The Pinchot South Sea Expedition was a 1929 zoological expedition to the Caribbean and South Pacific led and financed by Gifford Pinchot.

==Itinerary and personnel==
The expedition departed from New York City on 31 March 1929 aboard the Pinchots' yacht Mary Pinchot. Gifford Pinchot organized, financed, and led the expedition, which collected zoological specimens (and a few botanical specimens) for the U.S. National Museum of Natural History. The captain was Frederick A. Brown of Port Jefferson, New York, and the chief engineer was Henry Christensen. Aboard ship, besides the captain and crew, were Gifford Pinchot, his wife and fellow conservationist Cornelia Bryce Pinchot, their son Gifford Pinchot, Jr. (1916–1989), and Pinchot Jr.'s schoolmate Steve Stahlnecker. The expedition's photographer was Howard H. Cleaves, and its physician was J. B. Mathewson. The expedition's professional scientists were the malacologist Henry A. Pilsbry and the ornithologists A. K. Fisher and Alexander Wetmore. Harry A. Slattery accompanied the expedition from New York City to Panama. The yacht Mary Pinchot visited Key West (for a few days undergoing minor yacht repairs) and then Havana (for a one-day tourist trip). The expedition then visited Grand Cayman, the Swan Islands, Isla de Providencia and Isla de San Andrés collecting specimens. The Mary Pinchot went through the Panama Canal and then to Cocos Island. The expedition collected in the Galápagos, Marquesas, and Tuamotus. The expedition reached its final destination, Tahiti, on October 15. Before the end of October, Pinchot's party departed Tahiti and then returned by steamer to San Francisco. By early November, Pinchot and his family were in Washington, D.C. Captain Brown and the crew of the Mary Pinchot went back through the Panama Canal and arrived at the yacht's winter station at Savannah, Georgia in December 1929.
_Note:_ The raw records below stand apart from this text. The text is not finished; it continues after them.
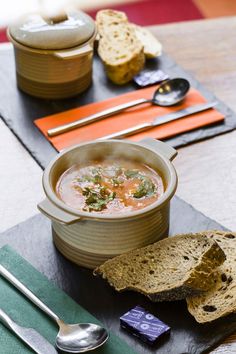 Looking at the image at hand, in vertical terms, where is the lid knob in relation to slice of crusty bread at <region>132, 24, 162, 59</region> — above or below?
above

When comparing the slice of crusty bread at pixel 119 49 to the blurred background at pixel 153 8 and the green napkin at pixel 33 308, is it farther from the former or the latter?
the blurred background at pixel 153 8

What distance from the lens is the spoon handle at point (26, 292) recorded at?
132 centimetres

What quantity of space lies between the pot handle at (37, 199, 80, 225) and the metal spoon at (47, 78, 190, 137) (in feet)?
1.64

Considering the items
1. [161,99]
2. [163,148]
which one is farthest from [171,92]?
[163,148]

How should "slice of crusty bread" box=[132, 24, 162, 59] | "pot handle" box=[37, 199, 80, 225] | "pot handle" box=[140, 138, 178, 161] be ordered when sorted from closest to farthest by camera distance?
"pot handle" box=[37, 199, 80, 225] → "pot handle" box=[140, 138, 178, 161] → "slice of crusty bread" box=[132, 24, 162, 59]

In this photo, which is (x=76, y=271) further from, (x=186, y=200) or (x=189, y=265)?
(x=186, y=200)

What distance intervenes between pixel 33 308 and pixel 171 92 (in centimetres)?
86

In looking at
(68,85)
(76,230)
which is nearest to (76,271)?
(76,230)

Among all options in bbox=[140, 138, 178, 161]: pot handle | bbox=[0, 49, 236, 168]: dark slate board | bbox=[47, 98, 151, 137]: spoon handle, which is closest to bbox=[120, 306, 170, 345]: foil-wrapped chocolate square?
bbox=[140, 138, 178, 161]: pot handle

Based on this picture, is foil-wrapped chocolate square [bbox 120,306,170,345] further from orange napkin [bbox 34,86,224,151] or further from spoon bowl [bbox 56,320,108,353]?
orange napkin [bbox 34,86,224,151]

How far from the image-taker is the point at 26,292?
1.37 meters

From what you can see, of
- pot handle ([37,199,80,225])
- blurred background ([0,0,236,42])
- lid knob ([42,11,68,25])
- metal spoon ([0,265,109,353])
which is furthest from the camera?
blurred background ([0,0,236,42])

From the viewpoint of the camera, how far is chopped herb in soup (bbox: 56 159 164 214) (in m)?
1.44

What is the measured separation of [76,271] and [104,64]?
80 centimetres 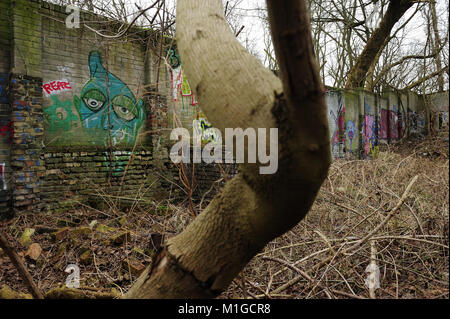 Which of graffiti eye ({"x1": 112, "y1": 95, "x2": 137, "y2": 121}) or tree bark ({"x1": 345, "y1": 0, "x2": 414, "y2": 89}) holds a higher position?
tree bark ({"x1": 345, "y1": 0, "x2": 414, "y2": 89})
==Documentary of the expedition==
Howard Cleaves documented the expedition with a motion picture film that was shown in movie theaters throughout the United States. Cornelia Bryce Pinchot gave free talks with showings of Cleaves's documentary film.

Mordaunt Hall, a 1930s movie critic, wrote concerning Cleaves's film:

There are amazing scenes of natives jumping into the crystal waters, harpoon in hand, to land on the backs of the enormous sea bats. After plunging the weapon in them, they swim away and climb back over the boat's side. There are views of the San Bias Indians, of enormous land turtles, iguanas, sea tigers and Man-O'-War hawks.
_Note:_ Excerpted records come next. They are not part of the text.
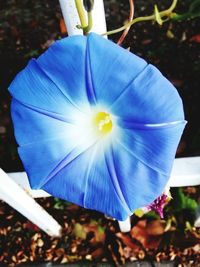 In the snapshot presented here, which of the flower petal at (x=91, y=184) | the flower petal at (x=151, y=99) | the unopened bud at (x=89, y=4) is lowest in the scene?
the flower petal at (x=91, y=184)

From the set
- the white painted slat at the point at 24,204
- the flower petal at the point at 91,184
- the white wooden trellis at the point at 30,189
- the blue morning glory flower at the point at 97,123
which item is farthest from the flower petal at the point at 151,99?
the white painted slat at the point at 24,204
==Collections and discoveries==
The expedition brought back several living reptiles:

Hon. Gifford Pinchot, who cruised the Pacific on a notable expedition, brought home with him for the National Zoological Park a specimen of the almost extinct Duncan Island tortoise, a Hood Island tortoise, four Albemarle tortoises, and three land iguanas, all from the Galapagos. These are very important additions and make the collection of giant tortoises one of the finest.

On Isla de Providencia, the expedition discovered a new lizard species, which Doris Cochran named Anolis pinchoti.
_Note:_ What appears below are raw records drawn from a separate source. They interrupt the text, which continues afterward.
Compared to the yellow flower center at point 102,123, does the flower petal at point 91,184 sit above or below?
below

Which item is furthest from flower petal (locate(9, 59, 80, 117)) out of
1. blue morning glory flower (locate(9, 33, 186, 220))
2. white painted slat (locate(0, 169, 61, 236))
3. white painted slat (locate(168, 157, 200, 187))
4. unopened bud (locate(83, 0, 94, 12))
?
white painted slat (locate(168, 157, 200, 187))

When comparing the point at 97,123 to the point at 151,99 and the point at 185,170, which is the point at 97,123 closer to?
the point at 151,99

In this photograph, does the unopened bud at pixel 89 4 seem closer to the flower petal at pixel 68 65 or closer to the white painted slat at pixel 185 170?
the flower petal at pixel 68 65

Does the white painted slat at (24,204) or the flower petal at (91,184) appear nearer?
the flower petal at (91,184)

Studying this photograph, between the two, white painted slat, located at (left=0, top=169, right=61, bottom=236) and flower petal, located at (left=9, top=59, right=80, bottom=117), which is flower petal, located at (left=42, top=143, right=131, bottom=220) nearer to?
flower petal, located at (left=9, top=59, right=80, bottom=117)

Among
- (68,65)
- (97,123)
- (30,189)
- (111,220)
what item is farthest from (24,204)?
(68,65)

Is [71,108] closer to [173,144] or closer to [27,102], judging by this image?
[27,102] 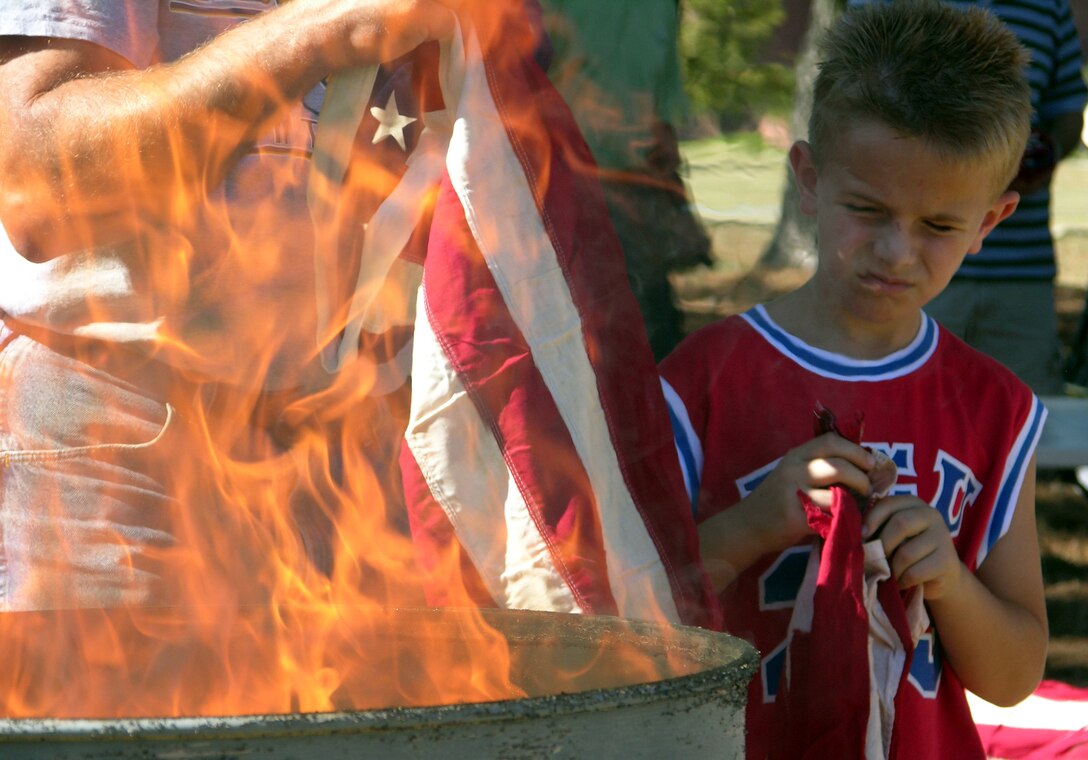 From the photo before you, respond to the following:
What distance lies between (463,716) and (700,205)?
21.5 ft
The expedition discovered the fish species Entomacrodus corneliae, which Henry Fowler named Giffordella corneliae.

The expedition's malacologist Pilsbry identified several new mollusk species, including the genus Giffordius (two species) and Chionopsis pinchoti. Pilsbry's claim of a new species Drymaeus pinchoti is rejected in favor of the subspecies Drymaeus rufescens pinchoti; Codakia pinchoti is rejected in favor of Codakia distinguenda.

A. K. Fisher and Alexander Wetmore, with the assistance of Pinchot Sr. and Jr., collected approximately 500 bird skins and skeletons and a few eggs; Fisher made detailed field notes.